Advantageously, because the gap 56 is large enough to allow the mantle 20 to be removed or installed when the platform portions 34 are in the non-deployed state, the platform 30 can remain on the base part 10 while the mantle 20 is removed and/or installed. Once any necessary maintenance tasks are performed, the platform 30 may be removed from the base part 10 and the upper part of the crushing machine may be installed.

The invention is not limited to the embodiment(s) described herein but can be amended or modified without departing from the scope of the present invention.

Claims

1. A maintenance platform for a crushing machine comprising a crushing head located within an outer structure, the maintenance platform comprising: at least one outer portion that is configured to be removably located on the outer structure; andat least one deployable platform portion that is movable with respect to said at least one outer portion between a deployed state in which said at least one deployable platform portion extends from said at least one outer portion in an inward direction to provide a platform for accessing the crushing head, and a non-deployed state in which said at least one deployable platform portion is relatively retracted in said inward direction.

2. The maintenance platform of claim 1, wherein said at least one deployable platform portion is pivotable with respect to said at least one outer portion between said deployed state and said non-deployed state, said at least one deployable platform portion typically being pivotably coupled to said at least one outer portion.

3. The maintenance platform of claim 1, wherein said maintenance platform is annular or semi-annular or part-annular in shape, and wherein, preferably, said at least one outer portion is annular or semi-annular or part-annular in shape with respect to a notional central point, said inward direction being a direction from said at least one outer portion towards said notional central point, and wherein said at least one deployable platform portion is movable towards said notional central point to adopt said deployed state and away from said notional central point to adopt said non-deployed state.

4. The maintenance platform of claim 1, wherein one or more respective deployable platform portion is coupled, preferably pivotably coupled, to a respective one of said at least one outer portion.

5. The maintenance platform of claim 1, wherein said maintenance platform is annular, said at least one outer portion comprises a single annular outer portion, and said at least one deployable platform portion preferably comprises more than one deployable platform portion, each deployable platform portion preferably being coupled, more preferably pivotably coupled, to the outer portion.

6. The maintenance platform of claim 1, wherein said maintenance platform is annular, said at least one outer portion comprises a plurality of outer portions, each outer portion being semi-annular or part-annular in shape, and said at least one deployable platform portion comprises at least one respective deployable platform portion for each outer portion, each deployable platform portion preferably being coupled, more preferably pivotably coupled, to the respective outer portion.

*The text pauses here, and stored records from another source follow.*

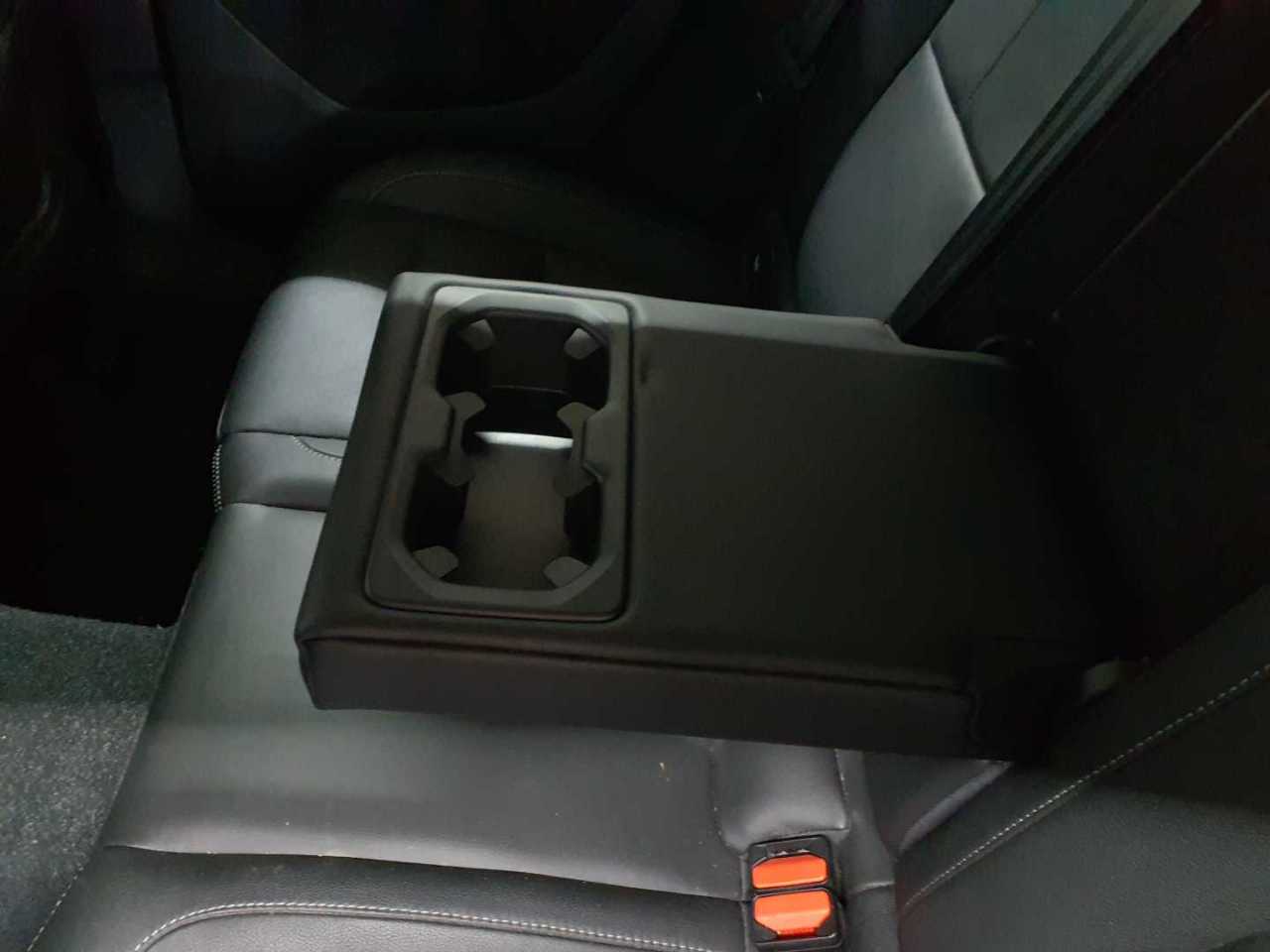 Volvo XC40 T5 Recharge DKG Inscription 11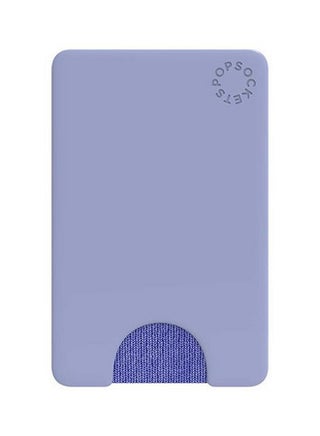 Removable And Repositionable Wallet Blue - v1571899477/N31325064A_1
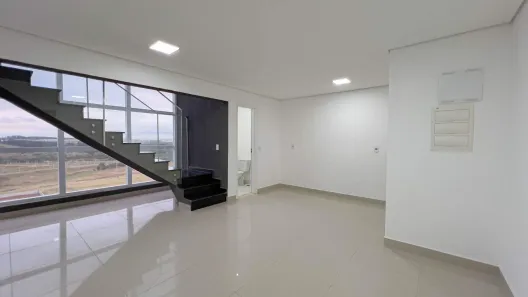 Apartamento com 2 Quartos à venda, 123m² no Jardim Nair Maria, Salto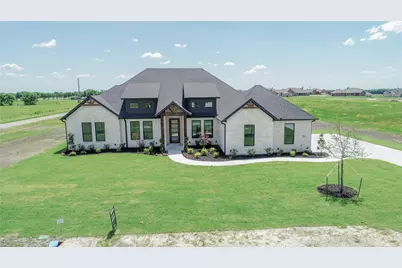 860 Alondrita Street, Celeste, TX 75423 - Photo 37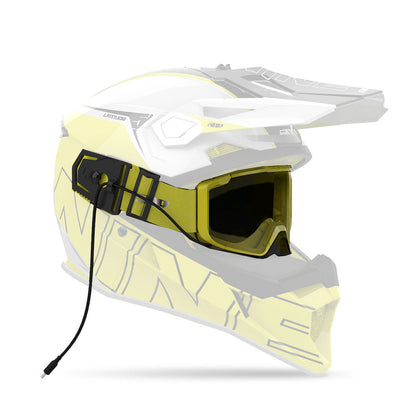 L6 Ignite Goggle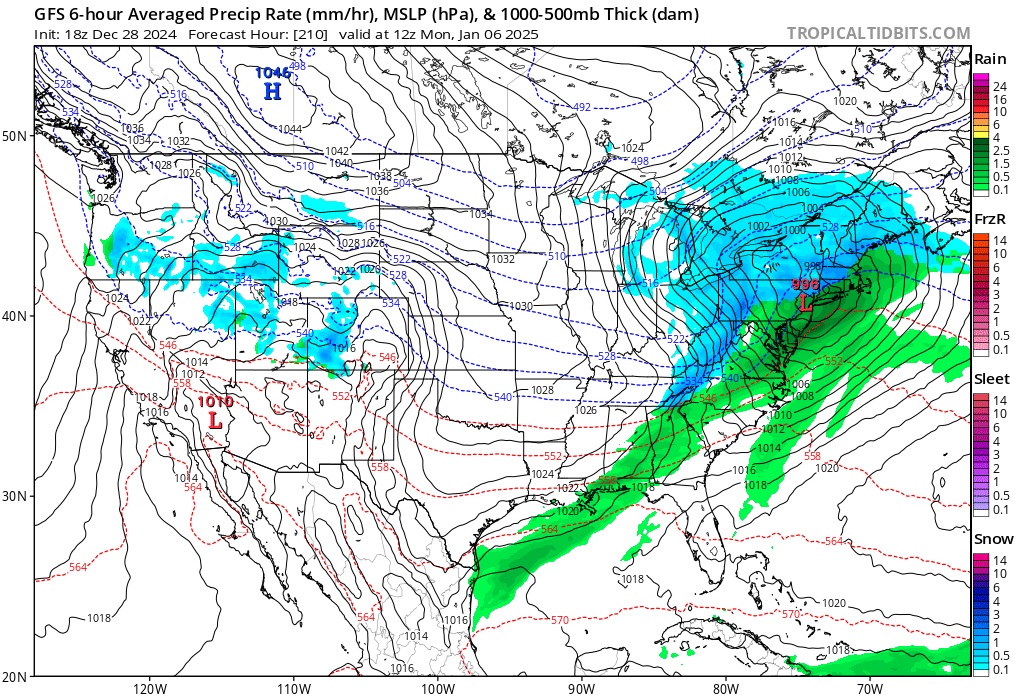 gfs_mslp_pcpn_frzn_us_35.png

7. The maintenance platform of claim 1, wherein said at least one outer portion comprises one or more outer portion, the, or each, outer portion being semi-annular or part-annular in shape, and said at least one deployable platform portion comprises at least one respective deployable platform portion for the, or each, outer portion, each deployable platform portion preferably being coupled, more preferably pivotably coupled, to the respective outer portion.

8. The maintenance platform of claim 1, wherein an obverse face of the, or each, outer portion is configured to provide an outer platform portion.

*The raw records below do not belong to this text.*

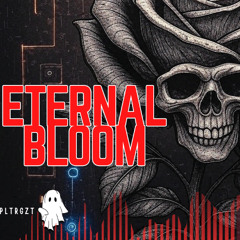 ETERNAL BLOOM - BANGING HOUSE AND MINIMAL TECH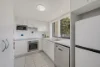 213/37 Pacific Drive, Port Macquarie, NSW 2444-Image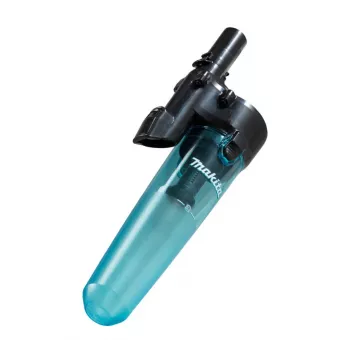 Makita 191D73-9 dulkių siurblio priedas / komplektacija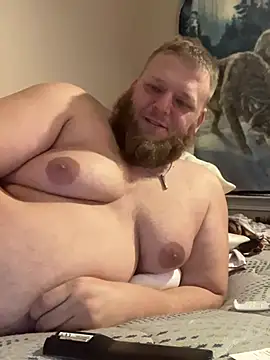 Tallbellybear webcam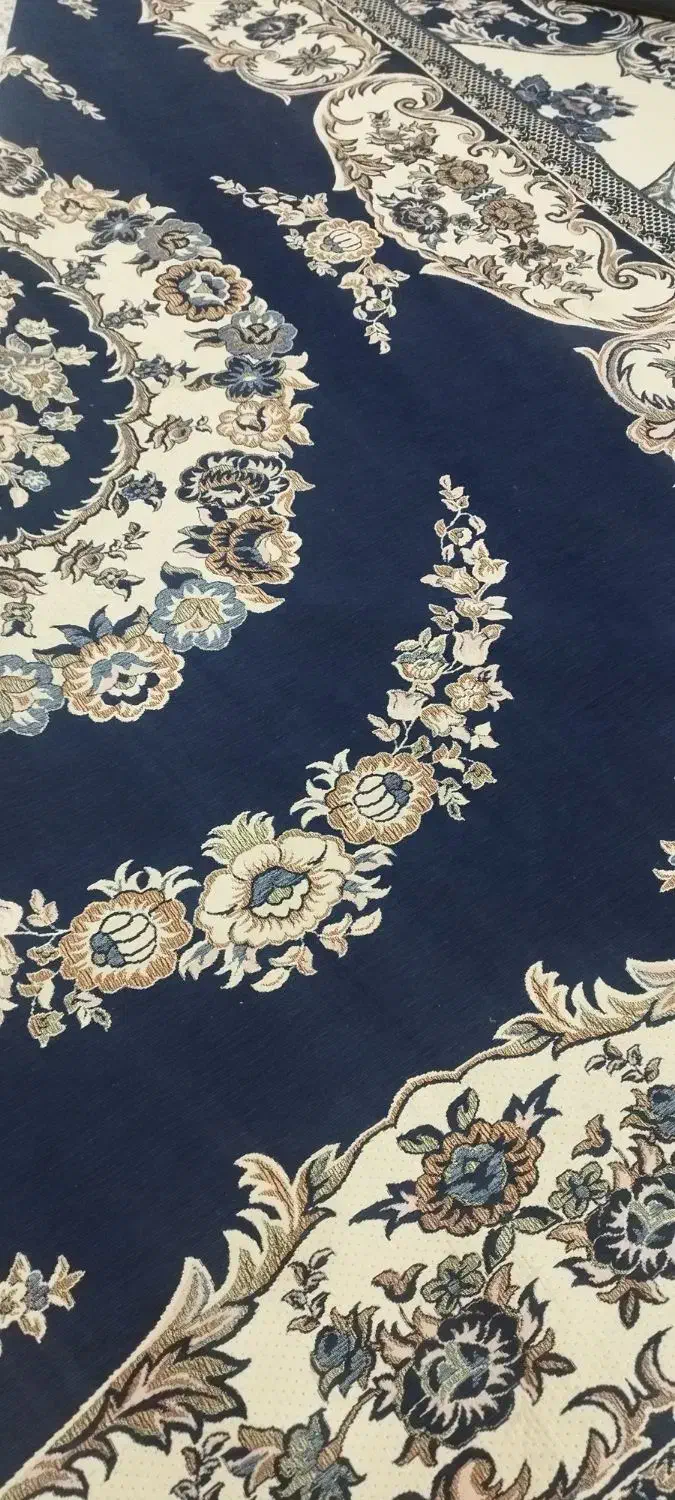 روفرشی ۹متری درحدنو|روفرشی|بروجرد, |دیوار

9. The maintenance platform of claim 1, wherein the, or each, deployable platform portion is coplanar with, or substantially coplanar with, the respective outer portion when in the deployed state.

10. The maintenance platform as claimed in claim 1, wherein an inner edge of the, or each, deployable platform portion is shaped to match the shape of the crushing head so that, in use when the platform portion is deployed, the inner edge fits around the crushing head.

11. The maintenance platform as claimed in claim 1, wherein said at least one outer portion and said at least one deployable platform portion are concentrically arranged with said at least one platform portion being located inwardly of said at least one outer portion when said at least one platform portion is in the deployed state.

12. The maintenance platform as claimed in claim 1, wherein at least one locating formation is provided at the underside of said at least one outer portion, and is configured to fit with, and/or be to engageable with, said outer structure when said at least one outer portion is located on said at least one outer structure, and wherein said at least one locating formation may include at least one locating formation for preventing or restricting lateral movement of said at least one outer portion, and/or at least one locating formation for preventing or restricting rotational movement of said at least one outer portion.

13. The maintenance platform as claimed in claim 1, wherein said at least one deployable platform portion includes at least one engagement surface, and wherein at least one corresponding engagement surface is provided on the respective outer portion, the arrangement being such that, when the respective deployable platform portion is deployed, the respective engagement surfaces of the platform portion and respective outer portion engage with one another to hold the platform portion a deployed position.

14. A crushing machine assembly comprising: a crushing head located within an outer structure; anda maintenance platform comprising at least one outer portion and at least one deployable platform portion that is movable with respect to said at least one outer portion between a deployed state and a non-deployed state,

15. The crushing machine assembly of claim 14, wherein said at least one outer portion and said at least one deployable platform portion are concentrically arranged wholly or partly around the crushing head.

16. The crushing machine assembly of claim 14, wherein said outer structure comprises a rim that extends around said crushing head, and wherein said at least one outer portion is located on said rim, and wherein, preferably, said at least one outer portion extends wholly or partly around said rim.

17. The crushing machine assembly as claimed in claim 14, wherein the maintenance platform is shaped and dimensioned so that, when said at least one deployable platform portion is in the deployed state, an inner edge of the, or each, platform portion is located adjacent, or in contact with or not in contact with, the crushing head.

18. The crushing machine assembly as claimed in claim 14, wherein, when said at least one deployable platform portion is in the deployed state, the maintenance platform closes or substantially closes the top of the outer structure around said crushing head.

19. The crushing machine assembly as claimed in claim 14, wherein, when said at least one deployable platform portion is in the non-deployed state, a gap between the crushing head and the maintenance platform is larger than it is when said at least one deployable platform portion is in the deployed state, and wherein, preferably, said crushing head comprises a mantle liner, and wherein, when said at least one deployable platform portion is in the non-deployed state, said gap is large enough to allow said mantle liner to pass through, and wherein, preferably, when said at least one deployable platform portion is in the deployed state, said gap is not large enough to allow said mantle liner to pass through.

20. The crushing machine assembly of claim 14 wherein said at least one deployable platform portion, or at least the respective obverse face of said at least one deployable platform portion, is horizontally disposed, or substantially horizontally disposed, when in the deployed state, and/or wherein said at least one outer platform portions, or at least the respective obverse face(s) of said at least one outer platform portion, is horizontally disposed, or substantially horizontally disposed, when mounted on the outer structure.